Short descriptive text snippets
= = = =

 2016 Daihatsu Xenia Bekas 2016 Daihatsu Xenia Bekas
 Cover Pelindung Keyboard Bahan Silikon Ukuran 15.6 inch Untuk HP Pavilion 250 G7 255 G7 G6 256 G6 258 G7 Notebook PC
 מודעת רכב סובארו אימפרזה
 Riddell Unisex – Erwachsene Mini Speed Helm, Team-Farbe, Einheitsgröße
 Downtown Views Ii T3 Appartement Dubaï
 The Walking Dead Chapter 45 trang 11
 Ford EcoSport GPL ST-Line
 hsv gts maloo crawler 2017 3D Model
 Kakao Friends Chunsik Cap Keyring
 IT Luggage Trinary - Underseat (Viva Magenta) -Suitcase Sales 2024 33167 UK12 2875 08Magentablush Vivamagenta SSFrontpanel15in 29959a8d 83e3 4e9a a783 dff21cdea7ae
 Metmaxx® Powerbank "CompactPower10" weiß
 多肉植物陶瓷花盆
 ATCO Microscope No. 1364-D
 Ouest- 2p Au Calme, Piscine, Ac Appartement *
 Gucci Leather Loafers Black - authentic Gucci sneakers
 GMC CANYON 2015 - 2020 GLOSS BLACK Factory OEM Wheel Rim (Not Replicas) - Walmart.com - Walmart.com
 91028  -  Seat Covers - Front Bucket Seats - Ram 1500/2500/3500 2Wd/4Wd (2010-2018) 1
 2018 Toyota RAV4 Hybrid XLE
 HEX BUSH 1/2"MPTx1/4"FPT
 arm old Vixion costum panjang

= = = =

### Problem
Your task is to write out every record exactly.

### Completed task
 2016 Daihatsu Xenia Bekas 2016 Daihatsu Xenia Bekas
 Cover Pelindung Keyboard Bahan Silikon Ukuran 15.6 inch Untuk HP Pavilion 250 G7 255 G7 G6 256 G6 258 G7 Notebook PC
 מודעת רכב סובארו אימפרזה
 Riddell Unisex – Erwachsene Mini Speed Helm, Team-Farbe, Einheitsgröße
 Downtown Views Ii T3 Appartement Dubaï
 The Walking Dead Chapter 45 trang 11
 Ford EcoSport GPL ST-Line
 hsv gts maloo crawler 2017 3D Model
 Kakao Friends Chunsik Cap Keyring
 IT Luggage Trinary - Underseat (Viva Magenta) -Suitcase Sales 2024 33167 UK12 2875 08Magentablush Vivamagenta SSFrontpanel15in 29959a8d 83e3 4e9a a783 dff21cdea7ae
 Metmaxx® Powerbank "CompactPower10" weiß
 多肉植物陶瓷花盆
 ATCO Microscope No. 1364-D
 Ouest- 2p Au Calme, Piscine, Ac Appartement *
 Gucci Leather Loafers Black - authentic Gucci sneakers
 GMC CANYON 2015 - 2020 GLOSS BLACK Factory OEM Wheel Rim (Not Replicas) - Walmart.com - Walmart.com
 91028  -  Seat Covers - Front Bucket Seats - Ram 1500/2500/3500 2Wd/4Wd (2010-2018) 1
 2018 Toyota RAV4 Hybrid XLE
 HEX BUSH 1/2"MPTx1/4"FPT
 arm old Vixion costum panjang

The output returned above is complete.